Plans for a new development at the corner of 4th and Townsend streets in SoMa would create more than 900 residential units in two towers on a lot directly across from the Caltrain terminal.
The new buildings proposed by Tishman Speyer, doing business as 655 4th St., LLC, consist of a tower and pedestal design, with the first eight floors of each structure angling inward before coming together on level nine.
By constructing the towers with a complex series of setbacks, the structures would achieve a spiral effect that simulates four separate buildings. The tallest point of each tower would be 400 feet, or 39 floors.
The project proposed last month replaces Tishman’s prior plans to construct one 41-story, 499-unit tower.
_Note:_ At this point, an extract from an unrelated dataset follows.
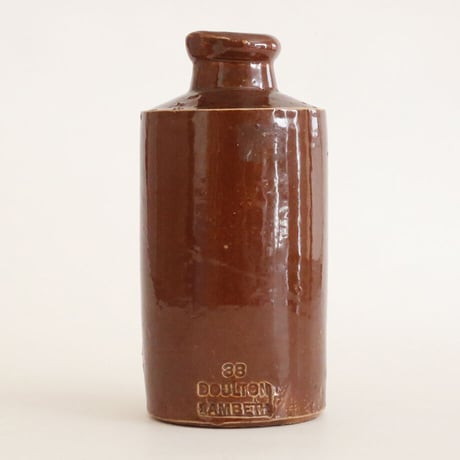 【DOULTON LAMBETH】インクボトル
The plan includes a variety of unit sizes, including 184 studios, 353 one-bedrooms, 309 two-bedrooms, 46 three-bedrooms, and 15 lofts. The current facilities on the site include only three residences.
None of the units would be affordable; the plan is to provide affordable housing off-site in “two nearby Central SoMa projects.” The developer would have to support more than 270 below-market-rate units elsewhere to comply with San Francisco’s Inclusionary Housing Program.
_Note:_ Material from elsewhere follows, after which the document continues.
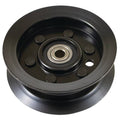 REPLACES TORO FLAT IDLER 132 - 9420 TIMECUTTER Z MASTER QUEST SERIES STENS 280 - 740 - OPE Quality Parts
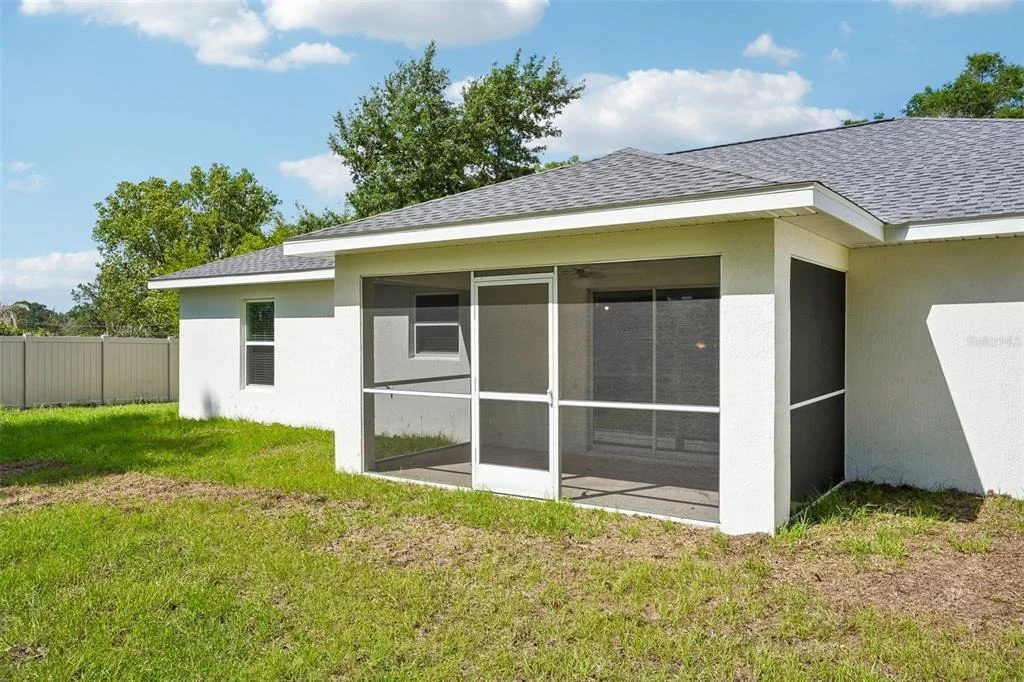 Photo of 11591 MOCKINGBIRD DRIVE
The development would also include 28,627 square feet of privately-owned, publicly-accessible open space divided between a large central courtyard and three mid-block connections.
The project sponsor is proposing this open space rather than providing a required rear yard setback. Residents would also have access to more than 35,000 square feet of additional open space in roof gardens, open common areas, and private balconies.
The project as proposed would demolish several two-story facilities that house The Creamery, The Iron Cactus, a home furnishing business, and a catering service. Those buildings, according to the project sponsor, are “large, inflexible warehouse-style buildings.”
The proposal would shrink the site’s commercial space from more than 52,500 square feet to “approximately 26,599 square feet of flexible-devisable retail and commercial spaces” which will “substantially enhance future opportunities.”
The plan also includes a three-floor underground parking garage with about 450 vehicle and 316 bike parking spaces.
The proposal has been filed through the Large Project Authorization process that is part of the planning provisions associated with the Eastern Neighborhoods Mixed Use Districts, which are designed to promote residential and commercial development while preserving space for production, distribution, and repair businesses.
There may be a public hearing on the application prior to its consideration by the Board of Supervisors.